I RITRATTI DI BAMBA

Il principio di Archimede sostiene che un corpo immerso in un liquido riceve una spinta dal basso verso l’alto pari al peso del volume spostato. E chi se ne frega, mi ha risposto Bamba il giorno in cui io glielo spiegai:”…io so solo che quando rischi tutto per arrivare vivo a Lampedusa, cadere in mare vuol dire morire!”.
Beata franchezza degli africani. Pane al pane, vino al vino. Anche le basilari leggi della fisica chiedono scusa e fanno posto, di fronte al modo immediato d’interpretare la realtà tipica degli immigrati.
E Bamba ha un modo tutto suo di esprimere le sue idee controverse, che mettono in discussione ogni cosa: la fotografia.
Giunto in Italia nel 2008, si è sbattuto parecchio per sopravvivere. Ha fatto il manovale a giornata nei cantieri di Pozzuoli, ha raccolto il tabacco a San Felice a Cancello, si è spostato da Caserta a Foggia in più occasioni per la raccolta dei pomodori. Però, incredibilmente, non si lamentava mai delle paghe basse, delle condizioni lavorative o di come di datori di lavoro trattassero, o addirittura maltrattassero, i lavoratori come lui. No. Lui sopportava come uno che aveva già messo in conto.
Ma i giornalisti, Bamba, proprio non li ha mai sopportati. La sua stoica pazienza, che lo ha portato a reggere anche 13 ore di lavoro al giorno nei campi pugliesi, sotto il sole d’agosto, di fronte ai giornalisti non regge. Si esaurisce. “…sono sempre alla ricerca di due tipi d’immigrato: o quello che oppresso dalla vita fa la faccia triste da sfigato, o quello che è arrabbiato col mondo e tira un calcio al cassonetto!”, mi spiegò un giorno al limite della sopportazione. E mi raccontò che un giorno un operatore di un associazione portò a casa sua un giornalista che doveva fare un pezzo sul disagio abitativo degli immigrati. Bamba lo cacciò fuori quando questo obiettò che casa sua, per quanto modesta e sfigatissima, non era abbastanza sporca e disordinata per rendere l’idea che aveva in testa lui. Bamba gli avrebbe messo le mani addosso, se solo avesse potuto.

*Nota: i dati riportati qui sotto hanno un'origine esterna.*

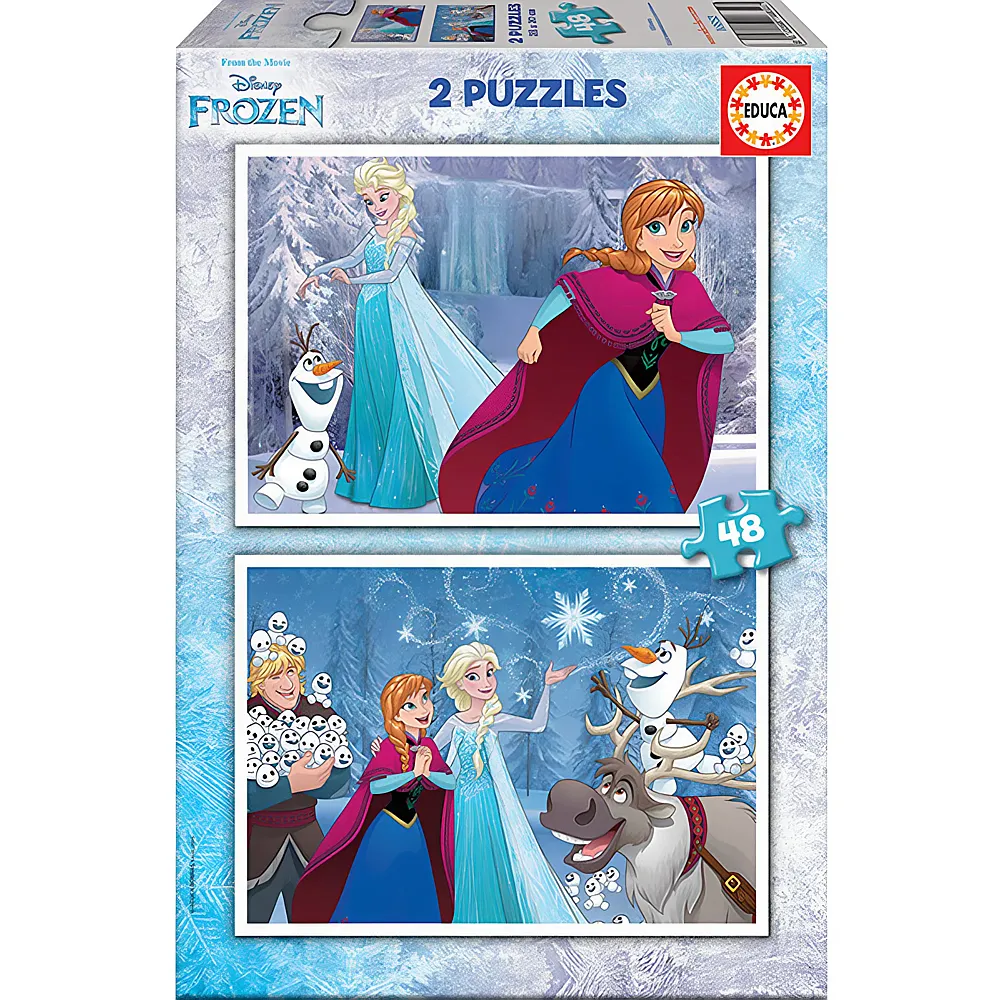 Educa Puzzle Disney Frozen 2x48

Ad ogni modo un giorno ci spiegò che aveva avuto un’idea: comprare una macchina fotografica reflex, o come diceva lui “di quelle che costano un botto”, e documentare la vita degli immigrati secondo lui. Senza filtri, senza altri obiettivi, senza nulla da dimostrare.
E soprattutto senza giornalisti.
Diceva che un giorno forse avrebbe proposto a qualcuno di fare una mostra o un’esposizione delle sue foto.
La macchina fotografica alla fine se l’è comprata. Risparmiando piano piano. E noi gli auguriamo di riuscire un giorno.
Nel frattempo però ci ha fatto vedere già alcuni suoi scatti. E di questi, tre hanno attirato la nostra attenzione.
Nella prima foto si vedono le scarpe da lavoro di alcuni suoi coinquilini messe in fila, una di fianco all’altra, fuori dalla porta di casa, lungo il muro. Ci spiegò che in Africa le scarpe di una persona ti dicono tutto: che lavoro fa, da dove viene…
La seconda foto immortalava una donna africana, immigrata anche lei, che cucinava col suo bimbo che dormiva sulla sua schiena. Ci spiegò che quella donna, che era la moglie di un suo amico, in quel momento di scena domestica gli aveva ricordato la sua mamma. E lui, senza che lei se ne accorgesse, era riuscito a scattarle una foto.
La terza, la più bella di tutte, è un fotogramma di lui che si scatta una foto davanti allo specchio del bagno di casa sua. Un selfie, diremmo oggi. Nella foto si vede la sua testa parzialmente nascosta dietro la sua macchina fotografica “che costa un botto”, nell’istante in cui sta scattando.
Quest’ultima ci ha colpito perché è molto più di una semplice foto: è una sfida. Bamba adesso, come vive davvero un immigrato, ce lo racconta da sé.